Monday, 9 December 2019

The Bookshelf of Life: How our Reading Journey Shapes Our Writing • by Natascha Biebow



Stories are fluid, malleable creatures that shift with the teller, the listener and the place.

So what tales influence us? How does our journey and relationship with story influence the kind of reader we are, what kind of person, even, we become, and the kind of story we write, illustrate, edit and design?

I'd like to share with you a little about my bookshelf of life, in the hopes that it might encourage you to do the same. When I looked at it, I came away with a startling realization – books speak volumes about us . . . and our world views.

Today, there is a lot of talk about diversity, and the need to be inclusive, self-aware and open-minded in this challenging world in which we live.
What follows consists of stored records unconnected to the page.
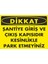 Şantiye Giriş Çıkış Park Etmeyiniz Dijital Uv Folyo Baskı Uyarı Etiket Yapıştırma Sticker 35X25 cm 1
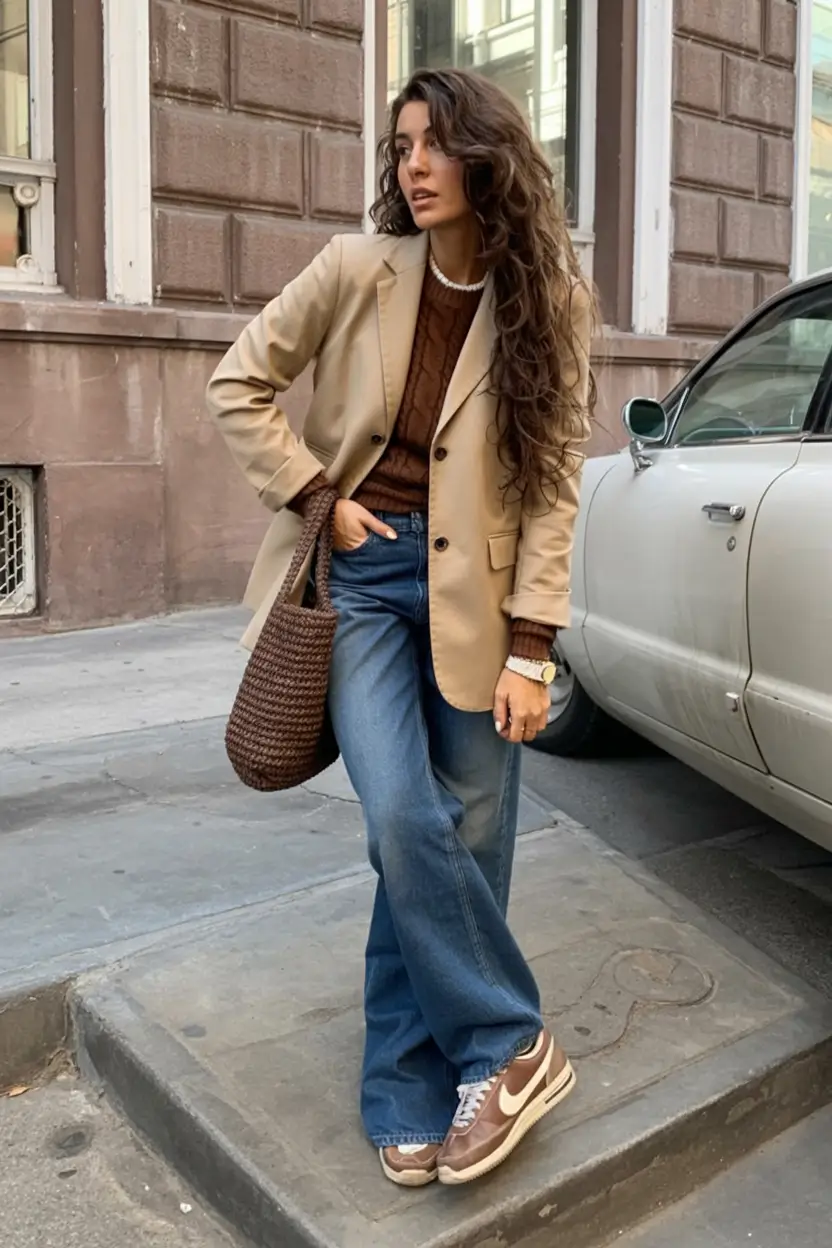 winter fits 2025 2026 style inspiration Classic Blazer With Modern Street Vibes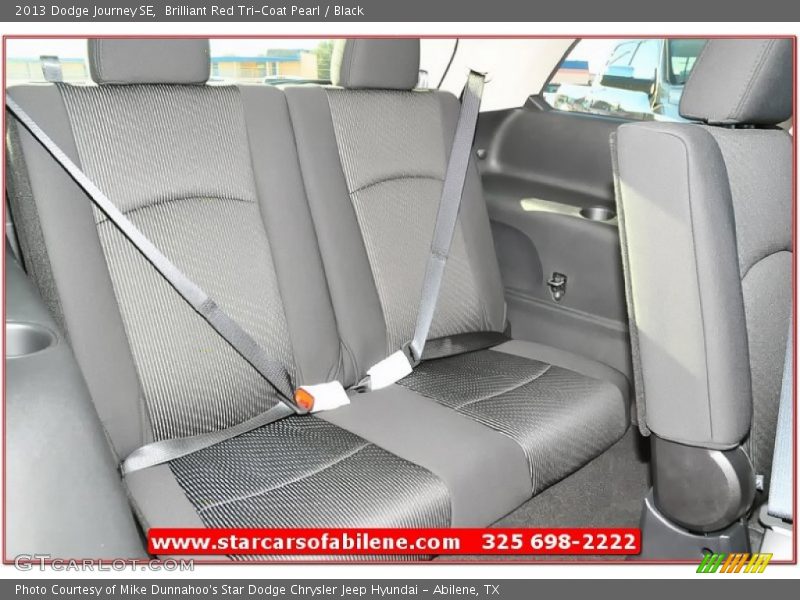 Brilliant Red Tri-Coat Pearl / Black 2013 Dodge Journey SE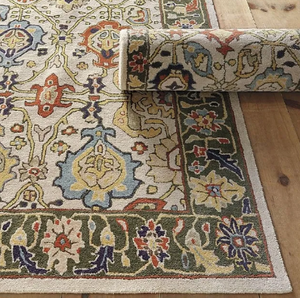 Tapis modernes de luxe faits à la main en laine de soie, doux, noués à la main, design abstrait, tailles personnalisables 5x8, couleurs vives pour la maison et le bureau - Product Image 3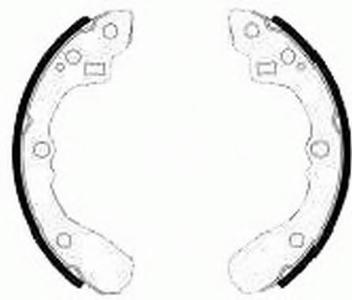 Комплект тормозных колодок FERODO FSB612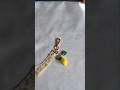 DIY lemon keychain from old ribbon | simple handmade idea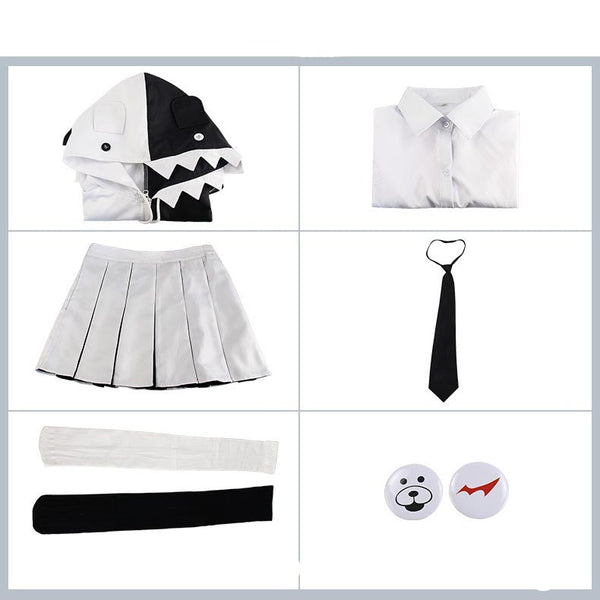 Danganronpa Monokuma Cosplay Costume Uniform With Wigs Halloween Carnival Costume Outfit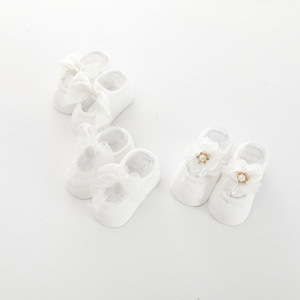 Toplu Pamuklu Örgü Bebek Kız Çorapları Günlük Yenidoğan Bilek Boyu Bebek Çorapları - Product Image 5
But equally, it can be frustrating the assumptions some people make when countenancing diversity. Diversity isn’t just the colour of the skin, gender or ethnicity. 

A selection of diverse picture books

Diversity runs much deeper than that. It is often unseen, complex, shaped by our experiences as children and adults, the places we’ve been (or not), our families, our interests and links to the outside world. All of us, we want to be seen, to be heard, to be respected for who we are, to be given opportunities and to be valued. We are all diverse in our own ways. And, if we can appreciate this, together we can be more. 

So here are some of the books that tell you a little bit about me, that perhaps you might not have known before. They are stories I heard and the stories I read by myself that opened windows and doors and eyes and ears. And now the stories I write:
 
The Little Match Girl by Hans Christian Andersen from
Favourite Fairy Tales from Andersen
illustrated by Paul Durand (Hamlyn)
We didn’t have many picture books at home - possibly because we lived in Brazil, a non-English speaking country, and possibly because they were expensive and people just didn’t own such things? I had this beautiful anthology of Andersen Fairy tales and I made my mother read to me ‘The Little Match Girl’ even though it always made me cry. I’m not sure what my fascination with such a sad story was, but I see now that it is a story of light and hope for the little match girl warms her hands and her soul with images from her imagination.

My first grade teacher read CHARLOTTE’S WEB to us aloud. Every afternoon, the story would unfold. There is something gripping about being read to. Magical.
 
Charlotte's Web by EB White, illustrated by Garth Williams
My favourite place in the school was the library. There we had a giant papier-mache elephant in the central circular area, where the librarian read aloud after we chose our books during the weekly class visit. 
The Library where Reading became a joy and a habit

I particularly remember this book, a Chinese folktale:


I read books in Portuguese too. This one – the story about family and big dreams – stuck with me. The main character is a girl who longs to be powerful and heard like grown-ups, boys and writers. Her dreams come to life in a series of characters stuffed into her precious yellow bag, including this feisty rooster.
From A Bolsa Amarela by Lygia Bojunga

Along with books from the library, the ones I owned were precious gifts sent by my grandmother, who lived in England. I read everything: horse and ballet books, fantasy, Pippi Longstocking, Paddington bear . . .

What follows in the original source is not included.